Phil Thompson, head of BPIF Business, walks you through the basics of a restructuring plan.
Much has been written and spoken about with regards to the industry and how it has changed. The need for change in a business is often a result of the many different pressures facing it in a more globalised and competitive market, but what should be considered and what is available to companies to support transition?
To be sustainable any business requires a clear strategic plan, yet this is only the start. Visualising where you see your business is an important step, but getting it there can require restructuring. So, where to start…
What are you trying to achieve?
Don’t just look at you own business, but at any major breakthroughs within the industry - look at new concepts, think about major challenges within the market and ask yourself a few pertinent questions before you embark upon any restructure. For instance, “what is the future likely to look like and what are my company’s different options within it?” Put the business in a wider context.
This strategy challenges you to visualise how the business should look down the line - then look backwards on what the business will need to do to meet that model; hence the term ‘Backwards Forward Thinking Strategy’.
Often this uses the Ishikawa model, more commonly known as the ‘Fish Bone’. It looks at the areas that are going to affect the business and highlights where investment needs to be made – including personnel.
Taking the lead
Effective leaders are good at organising, motivating and inspiring people and a good ongoing communication strategy is key to establishing clarity and organising resources to achieve the company vision. Employees should be kept well informed on how the business is doing against the vision and plan. This does not need to be complex. Understanding where the business needs to improve, grow, become leaner and how staff can contribute will encourage not only a sense of purpose but also trust in senior management.

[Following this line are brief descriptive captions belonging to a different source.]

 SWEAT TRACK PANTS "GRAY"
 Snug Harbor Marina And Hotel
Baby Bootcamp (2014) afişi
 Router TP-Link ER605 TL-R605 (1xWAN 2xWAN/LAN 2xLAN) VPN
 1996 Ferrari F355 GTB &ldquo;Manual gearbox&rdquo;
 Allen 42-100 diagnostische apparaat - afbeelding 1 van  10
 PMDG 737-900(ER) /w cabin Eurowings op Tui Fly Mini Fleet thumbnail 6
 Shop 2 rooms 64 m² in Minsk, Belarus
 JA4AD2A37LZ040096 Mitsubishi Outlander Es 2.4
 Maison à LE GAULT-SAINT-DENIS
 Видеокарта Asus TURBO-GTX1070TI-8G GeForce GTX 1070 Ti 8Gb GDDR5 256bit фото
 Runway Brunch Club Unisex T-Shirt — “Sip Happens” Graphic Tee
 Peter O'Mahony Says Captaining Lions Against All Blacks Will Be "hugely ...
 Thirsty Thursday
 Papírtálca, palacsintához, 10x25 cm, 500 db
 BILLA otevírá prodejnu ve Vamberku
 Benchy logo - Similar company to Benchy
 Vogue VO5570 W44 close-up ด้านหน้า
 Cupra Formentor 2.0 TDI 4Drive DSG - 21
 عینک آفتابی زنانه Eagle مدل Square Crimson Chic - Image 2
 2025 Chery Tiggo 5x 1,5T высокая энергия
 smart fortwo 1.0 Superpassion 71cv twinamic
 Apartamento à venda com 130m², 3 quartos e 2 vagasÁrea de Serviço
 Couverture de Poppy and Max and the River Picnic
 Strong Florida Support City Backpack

It is not about how much information is given exactly; it’s more about the timing, regularity, clarity, content and context of the communication. If employees are kept informed they are more likely to support a restructuring programme because they will better understand the need for change.
Taking care of the legals
Managers involved in a restructure will have to be fully aware of the legal ramifications of any redundancy measures and/or proposals regarding terms and conditions. Meaningful consultation is fundamental. Never try to rush the process – imagine yourself in this situation, how would you expect to be treated?
Managers also need to consider the staff that are not directly affected by proposals or the subsequent risk of redundancy. All staff should be fully informed. Thinking through potential concerns and drafting a Q&A sheet can really help manage emotions. And understanding the process of transition will help managers support all team members. Adopting structured feedback mechanisms will ensure all employees have a voice. Failing to consider those unaffected by the restructure may result in reduced motivation and subsequent dips in productivity.
Creating a positive approach to change
Whatever size the business, creating a positive approach to change is key to the success of any restructuring move. This can be achieved by instilling a desire across your team to improve and adapt knowledge and skills through continuous learning. Champions or ‘change agents’ within your business can help this process.
Use feedback mechanisms to review how you have managed change in the past, how the change was received, to understand what main levers need to be pulled to make change happen in your business, recognise the role models for change.
Bear I mind that given your position in the company you will automatically be looked upon as the role model for championing change. Your approach to change will be scrutinised by those within your business - and outside – so doing your homework and being positive about how and why you are restructuring will be worth the research and effort.